En novembre 2010, après des années de querelles, le Sénégal et un certain nombre de pays donateurs ont consenti à un budget de 8,6 millions d’euros (11,4 millions de dollars) pour financer le procès de Habré. Les promesses avaient été faites en 2010 par : le Tchad (2 milliards de francs CFA ou 3 743 000 dollars), l’Union européenne (2 millions d’euros), la Belgique (1 million d’euros), les Pays-Bas (1 million d’euros), l’Union africaine (1 million de dollars), l’Allemagne (500 000 euros), la France (300 000 euros) et le Luxembourg (100 000 euros).

Étant donné que près de deux ans se sont écoulés depuis, le Sénégal doit chercher de nouvelles promesses de fonds. Le Ministre de la justice sénégalais a déjà contacté les donateurs et a indiqué que, contrairement au gouvernement précédent, le Sénégal ne retardera pas le début de la procédure à l’obtention du budget entier.

 Au cours de sa visite au Sénégal le 1er août 2012, la Secrétaire d’Etat américaine, Hillary Clinton, a promis « d’aider par tous les moyens possibles » les poursuites contre Habré.

A titre de comparaison, le coût envisagé à la création en 2004 d’une « Chambre spéciale» pour les crimes de guerre à Sarajevo était d’environ 77 millions de dollars sur cinq (5) ans. En six (6) ans, plus de cent dix (110) personnes y ont été jugées. Le coût estimé des « Chambres extraordinaires au sein des tribunaux cambodgiens » était de cinquante six (56) millions de dollars sur trois ans. Six (6) ans après sa création, elles ont coûté quatre fois plus et n’ont jugé qu’une seule personne.

La Ministre de la Justice sénégalaise a de son côté fait une promesse : « Nous démarrerons le procès avec les moyens dont nous disposons ». Toutefois, elle l’a assortie d’une modalité : « Nous attendons que la communauté internationale respecte ses engagements ».

Le Gouvernement Sénégalais s’est également engagé à demander au Parlement l’approbation de la création des nouvelles « Chambres » et à soumettre la ratification formelle de son accord à l’UA.

Avant la création des « Chambres », il est prévu que le Sénégal et le Tchad se rencontrent pour discuter de l’assistance judiciaire nécessaire aux enquêtes et au procès.
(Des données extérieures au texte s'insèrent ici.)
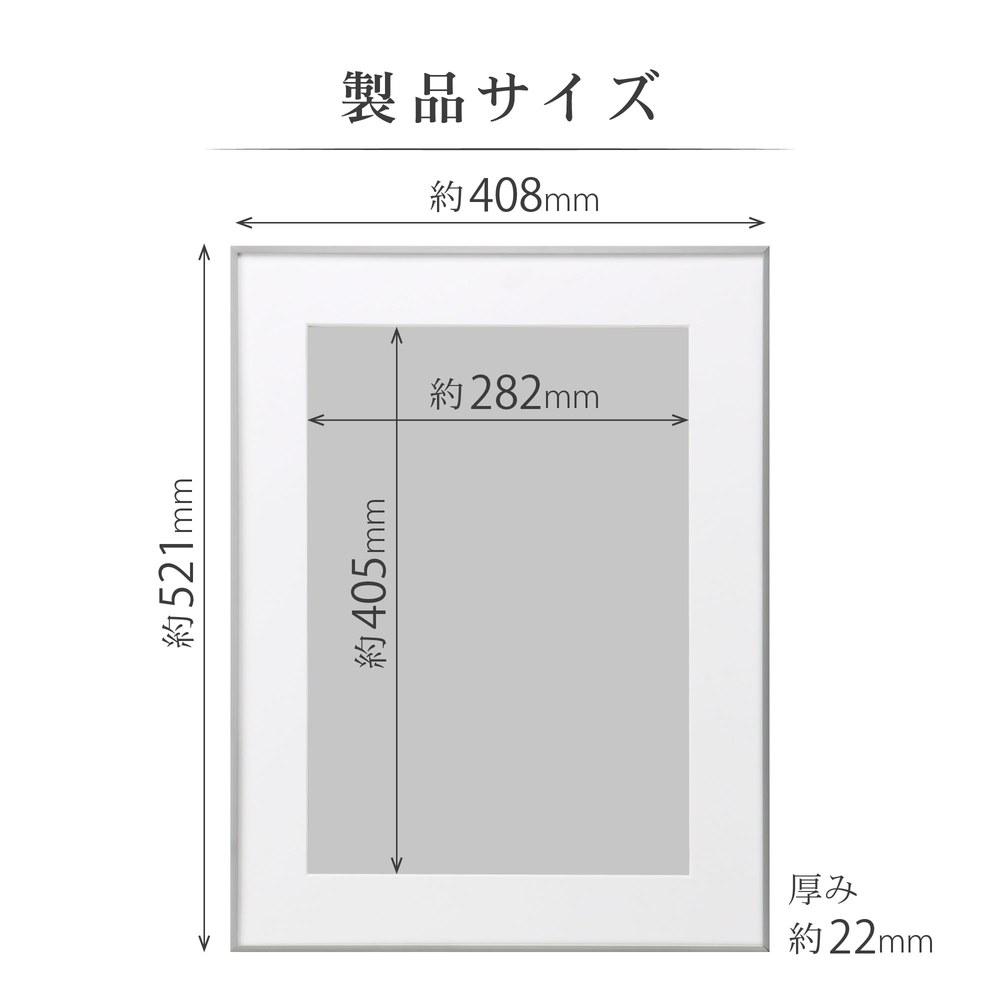 Hakuba Frame Aluminum HFA-03 A3 Acrylic Plate Silver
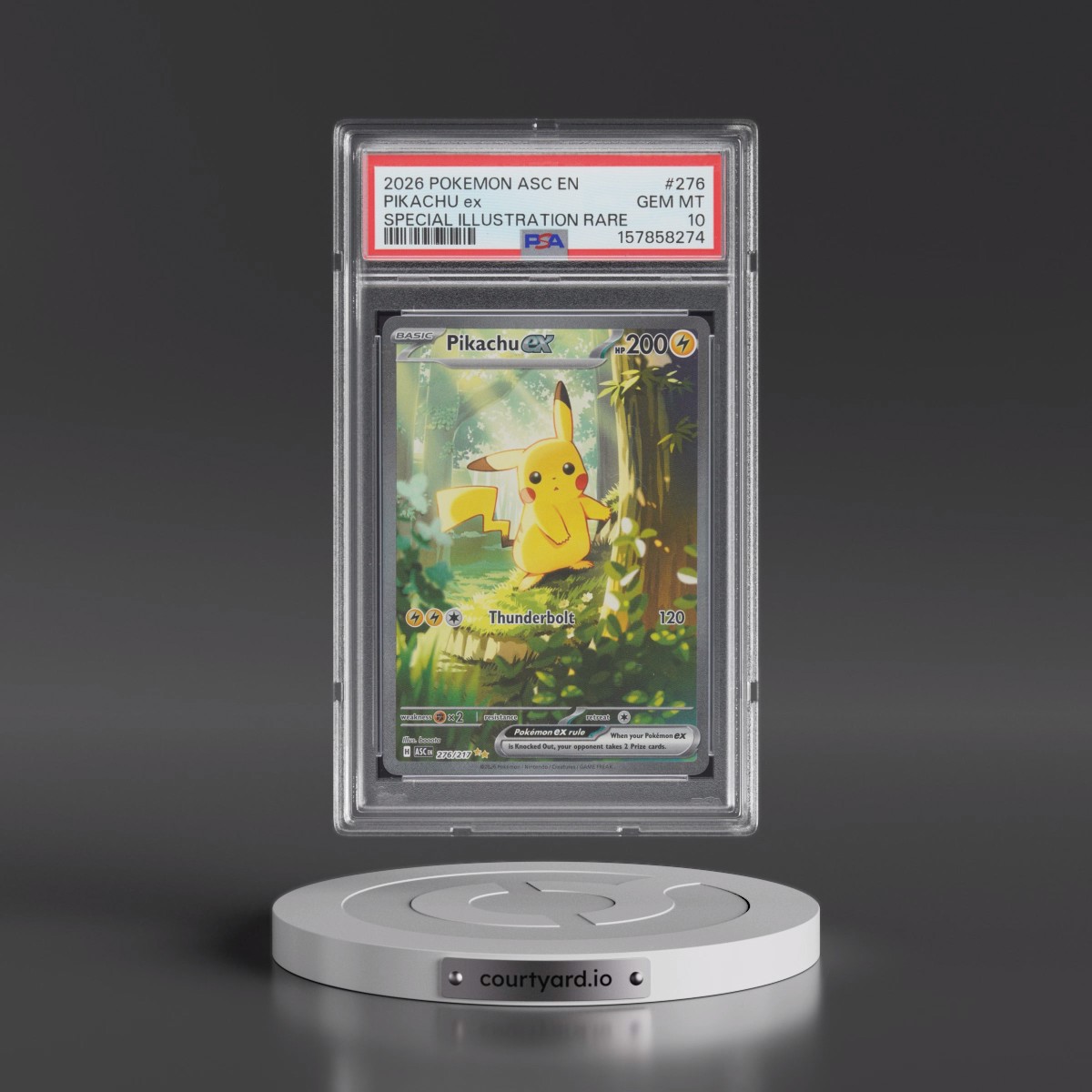 2026 Pokémon Asc EN-Ascended Heroes #276 Pikachu EX - Holo Special Illustration Rare (PSA 10 GEM MINT)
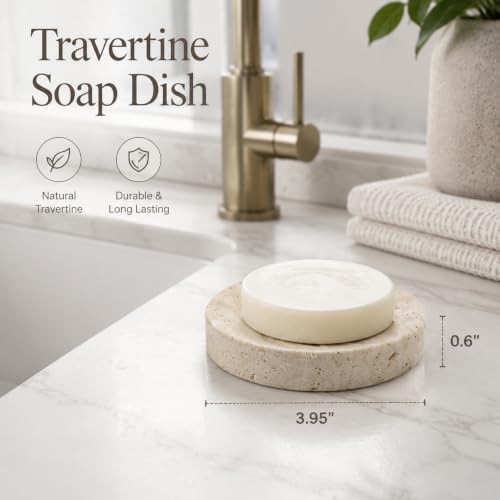 Marble Jewelry Dish (Travertino Romano / 4")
Le Ministre de la Justice sénégalais devrait également nommer les candidats aux postes de procureur et de juge.

CONCLUSION

            Le Sénégal a marqué l’histoire en 1999 en étant le premier pays à devenir membre de la Cour pénale internationale ; il pourrait davantage creuser l’écart en devenant le premier pays africain à poursuivre des crimes relatifs aux droits humains commis par un dirigeant étranger.